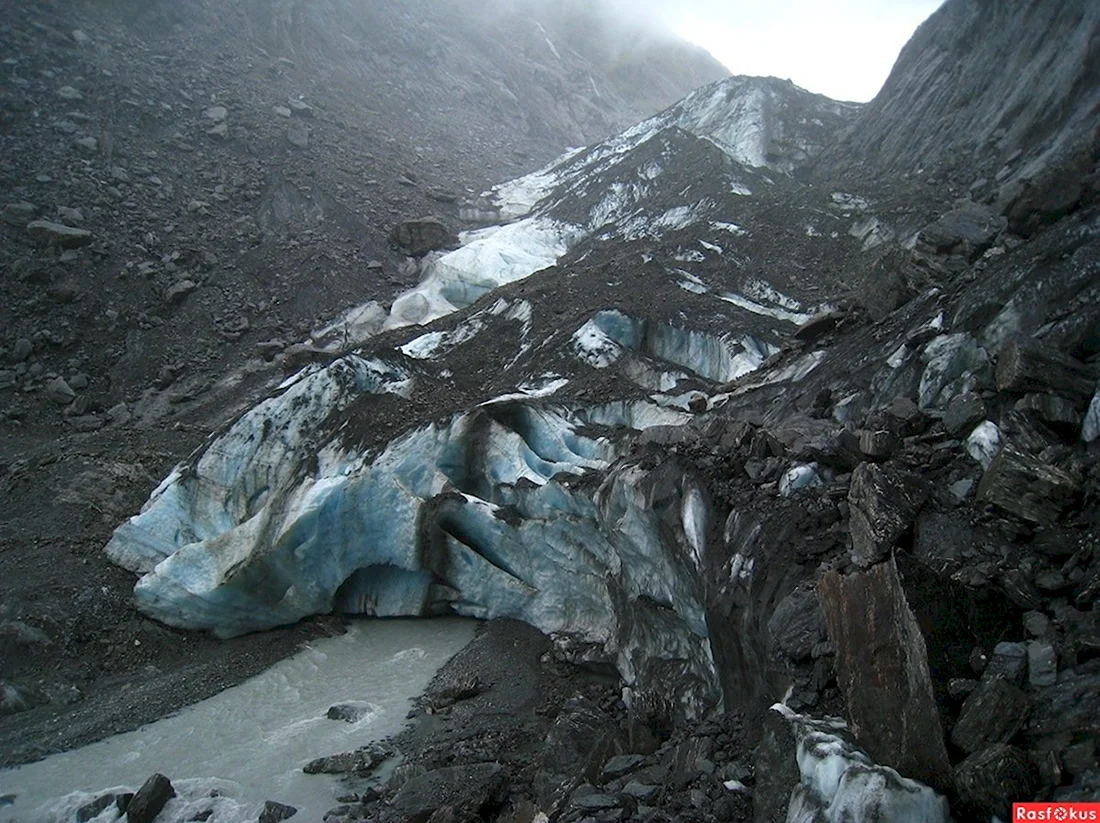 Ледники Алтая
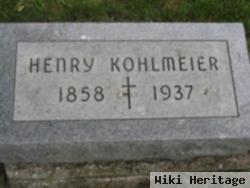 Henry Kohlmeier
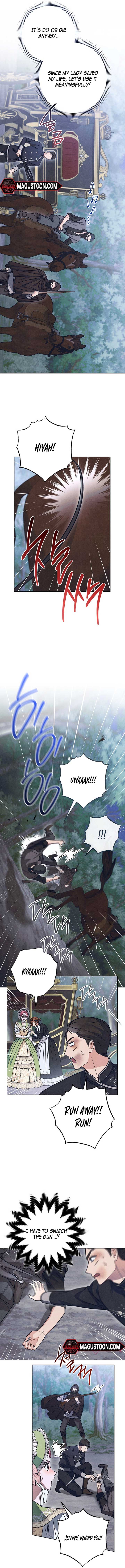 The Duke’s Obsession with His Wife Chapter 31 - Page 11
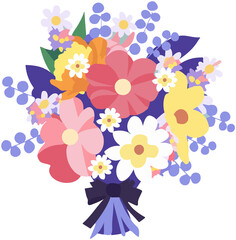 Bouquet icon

• _Aim of the task_
Retype the lines above exactly, no pictures.

• _Final answer_
 Ледники Алтая
 Henry Kohlmeier
 The Duke’s Obsession with His Wife Chapter 31 - Page 11
 Bouquet icon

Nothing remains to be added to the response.